The Queen portrays the reactions of Queen Elizabeth II and newly elected Prime Minister Tony Blair to the death of Princess Diana in 1997 and the change that it brought to the relationship between the people of England and the royal family. Or perhaps the change was just in the queen’s understanding of her relationship to the people. Helen Mirren portrays the monarch, with James Cromwell as her grumpy husband, Prince Philip, who is even less willing to recognize and deal with the public outpouring of grief than the queen is. Secluded at their enormous Scottish estate of Balmoral, Philip’s plan for helping Diana’s sons (virtually invisible in the movie) is to take them deer hunting. Prince Charles, meanwhile, is equally broken up over the loss of the boys’ mother (whom, he pointedly tells his mother, was never afraid to show affection to her sons) and fear of the public reaction to his part in driving Diana out of the royal family.

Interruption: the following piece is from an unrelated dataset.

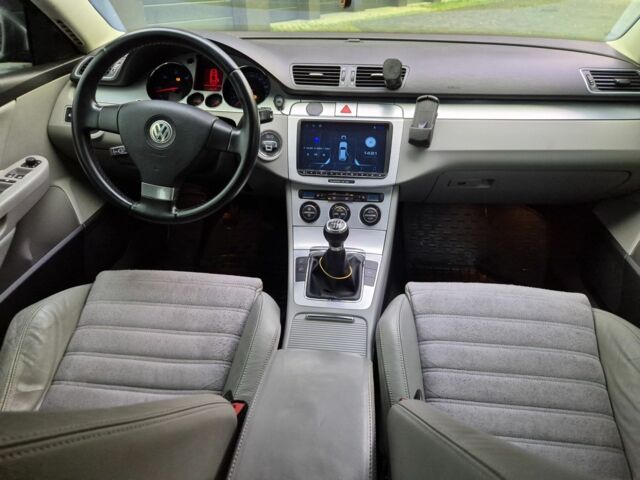 Серый Фольксваген Пассат Вариант, объемом двигателя 2 л и пробегом 282 тыс. км за 6300 $, фото 6 на Automoto.ua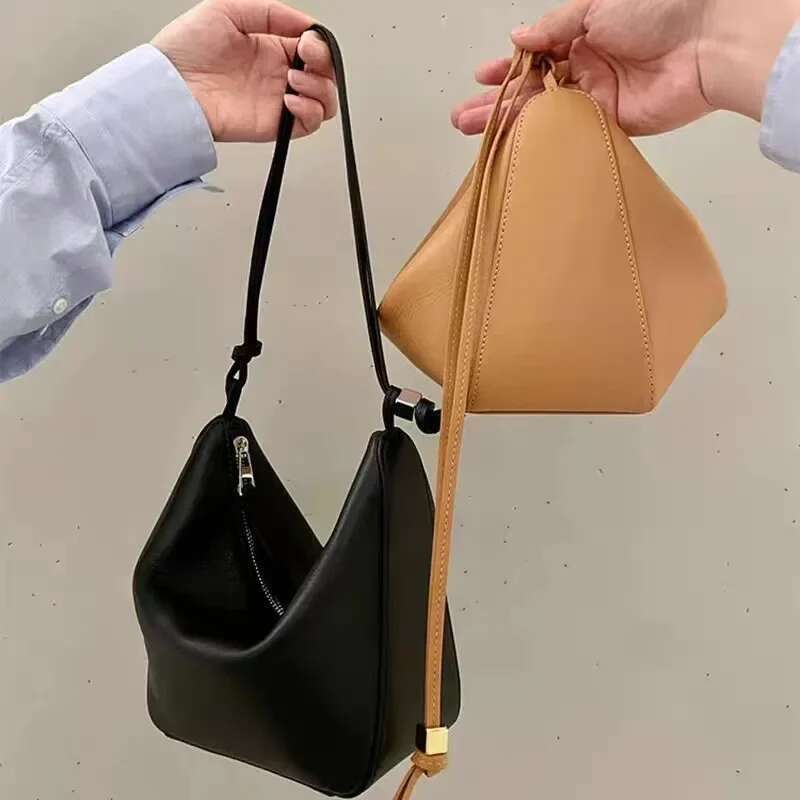 2024 Italian High-End Feel Hammock Women's Cow Underarm True Leather Hobo Crossbody Bag Motorcycle Equipment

PM Blair, meanwhile, has to balance the etiquette of dealing with the queen with the need to, as he puts it, “save these people from themselves”. But Elizabeth is a sympathetic character in this movie. Inheriting the role of monarch at the age of 25, her role transformed without her even realizing it. At least that is the out that the movie provides to explain her public bungling of the aftermath of Diana’s death. Stuck in an age where the monarch is apart and above her subjects, she failed to recognized that she now lives in a world full of royalty, namely celebrities. And the rules for celebrity behavior are decidedly different than the rules the queen had learned. Diana understood celebrity, and her death taught her family something about it.